Even though the original IP addressing scheme was relatively simple, it has become complex over time as changes have been made to it to allow it to deal with various addressing requirements. The more advanced styles of IP addressing, such as subnetting and classless addressing, are the ones used most in modern networks. However, they can be a bit confusing to understand. To help make sense of them we must start at the beginning with a discussion of the fundamentals of IP addressing.

In this section I begin our larger exploration of IP addressing by explaining the key concepts and issues behind it. I begin with an overview of IP addressing and discussion of what it is all about in general terms. I describe the size of IP addresses, the concept of its “address space” and the notation usually used for IP addresses. I provide basic information on the structure of an IP address and how it is divided into a network identifier and host identifier. I then describe the different types of IP addresses and the additional information such as a subnet mask and default gateway that often accompanies an IP address on larger networks. I provide a brief description of how multiple addresses are sometimes assigned to single devices and why. I conclude with a description of the process by which public IP addresses are registered and managed, and the organizations that do this work for the global Internet.

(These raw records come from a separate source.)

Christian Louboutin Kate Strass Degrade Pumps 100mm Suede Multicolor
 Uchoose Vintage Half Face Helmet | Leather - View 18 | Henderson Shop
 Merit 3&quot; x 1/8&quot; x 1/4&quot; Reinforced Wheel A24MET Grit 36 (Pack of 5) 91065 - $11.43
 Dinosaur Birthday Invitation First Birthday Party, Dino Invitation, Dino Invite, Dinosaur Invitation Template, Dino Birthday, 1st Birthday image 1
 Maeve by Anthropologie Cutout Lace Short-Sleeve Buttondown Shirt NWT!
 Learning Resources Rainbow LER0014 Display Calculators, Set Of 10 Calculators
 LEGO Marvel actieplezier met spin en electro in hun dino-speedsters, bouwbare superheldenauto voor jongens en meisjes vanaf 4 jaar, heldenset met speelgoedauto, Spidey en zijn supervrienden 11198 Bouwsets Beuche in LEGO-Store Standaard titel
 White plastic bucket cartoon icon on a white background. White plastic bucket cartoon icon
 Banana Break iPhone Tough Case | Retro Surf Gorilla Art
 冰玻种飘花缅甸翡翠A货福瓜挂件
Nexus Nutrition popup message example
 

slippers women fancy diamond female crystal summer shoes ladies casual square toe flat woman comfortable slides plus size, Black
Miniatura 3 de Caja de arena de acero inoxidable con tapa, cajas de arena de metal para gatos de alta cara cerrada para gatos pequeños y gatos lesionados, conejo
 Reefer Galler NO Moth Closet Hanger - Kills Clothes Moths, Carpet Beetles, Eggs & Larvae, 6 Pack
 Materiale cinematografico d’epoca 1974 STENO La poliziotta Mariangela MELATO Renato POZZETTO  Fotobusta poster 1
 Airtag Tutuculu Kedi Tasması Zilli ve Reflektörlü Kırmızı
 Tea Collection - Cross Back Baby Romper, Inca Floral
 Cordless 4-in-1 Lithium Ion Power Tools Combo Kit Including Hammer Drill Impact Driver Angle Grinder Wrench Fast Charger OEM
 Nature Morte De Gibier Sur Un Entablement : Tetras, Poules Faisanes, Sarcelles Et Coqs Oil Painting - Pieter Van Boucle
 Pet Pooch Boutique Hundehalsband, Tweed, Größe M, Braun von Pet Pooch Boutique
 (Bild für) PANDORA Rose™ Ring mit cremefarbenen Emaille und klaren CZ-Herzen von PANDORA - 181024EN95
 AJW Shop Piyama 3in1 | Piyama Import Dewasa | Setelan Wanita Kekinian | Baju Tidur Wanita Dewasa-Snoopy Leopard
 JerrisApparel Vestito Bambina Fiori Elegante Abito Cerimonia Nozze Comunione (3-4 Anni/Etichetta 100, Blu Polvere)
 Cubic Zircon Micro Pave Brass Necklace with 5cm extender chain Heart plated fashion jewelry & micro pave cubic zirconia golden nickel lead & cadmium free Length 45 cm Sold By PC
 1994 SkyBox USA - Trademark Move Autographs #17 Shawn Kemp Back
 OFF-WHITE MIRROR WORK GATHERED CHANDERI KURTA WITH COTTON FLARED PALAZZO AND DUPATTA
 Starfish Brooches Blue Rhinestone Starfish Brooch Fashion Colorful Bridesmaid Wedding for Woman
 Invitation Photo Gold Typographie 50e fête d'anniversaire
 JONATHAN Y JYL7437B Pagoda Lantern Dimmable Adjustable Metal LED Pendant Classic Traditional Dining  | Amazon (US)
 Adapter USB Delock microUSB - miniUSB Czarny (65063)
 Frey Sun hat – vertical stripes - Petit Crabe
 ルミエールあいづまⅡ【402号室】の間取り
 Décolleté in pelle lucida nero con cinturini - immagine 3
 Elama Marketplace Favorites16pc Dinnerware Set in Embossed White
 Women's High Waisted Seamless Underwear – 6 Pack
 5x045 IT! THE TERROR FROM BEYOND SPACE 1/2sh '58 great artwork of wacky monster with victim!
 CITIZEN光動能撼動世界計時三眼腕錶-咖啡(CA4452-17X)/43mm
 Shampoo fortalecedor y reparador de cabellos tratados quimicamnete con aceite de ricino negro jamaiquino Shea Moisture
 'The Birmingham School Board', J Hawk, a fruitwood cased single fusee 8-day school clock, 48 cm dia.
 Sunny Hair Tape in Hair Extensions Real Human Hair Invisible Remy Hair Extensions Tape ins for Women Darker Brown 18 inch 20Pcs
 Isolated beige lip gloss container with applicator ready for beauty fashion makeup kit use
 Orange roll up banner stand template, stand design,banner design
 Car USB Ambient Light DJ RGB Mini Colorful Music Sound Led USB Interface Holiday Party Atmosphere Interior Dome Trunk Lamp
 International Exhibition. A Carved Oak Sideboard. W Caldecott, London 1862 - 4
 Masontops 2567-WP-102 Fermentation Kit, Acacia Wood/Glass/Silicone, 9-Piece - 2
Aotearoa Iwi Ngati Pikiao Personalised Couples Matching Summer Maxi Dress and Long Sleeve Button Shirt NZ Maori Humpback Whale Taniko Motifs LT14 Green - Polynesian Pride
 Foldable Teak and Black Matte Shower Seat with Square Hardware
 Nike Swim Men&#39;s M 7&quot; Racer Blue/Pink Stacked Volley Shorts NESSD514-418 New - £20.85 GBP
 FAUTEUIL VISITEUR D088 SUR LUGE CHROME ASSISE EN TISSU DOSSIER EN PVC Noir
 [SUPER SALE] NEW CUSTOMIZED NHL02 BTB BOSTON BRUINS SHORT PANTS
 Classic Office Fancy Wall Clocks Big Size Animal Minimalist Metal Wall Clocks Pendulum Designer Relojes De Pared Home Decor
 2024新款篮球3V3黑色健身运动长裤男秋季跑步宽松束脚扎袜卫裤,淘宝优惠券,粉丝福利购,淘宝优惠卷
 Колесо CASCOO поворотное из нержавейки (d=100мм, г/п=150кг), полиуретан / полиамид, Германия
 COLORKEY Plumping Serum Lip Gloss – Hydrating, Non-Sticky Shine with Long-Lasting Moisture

Background Information: If you are not familiar with at least the basics of how binary numbers work, and also with how to convert between binary and decimal numbers, I'd recommend reading the background section on data representation and the mathematics of computing before you proceed here. You can probably get by in this particular section without that knowledge, but you'll need it anyway when we proceed to subnetting, so you might as well get familiar now.


Note: Remember that most operating systems have a calculator program that incorporates scientific functions, including conversions between binary, decimal and hexadecimal numbers.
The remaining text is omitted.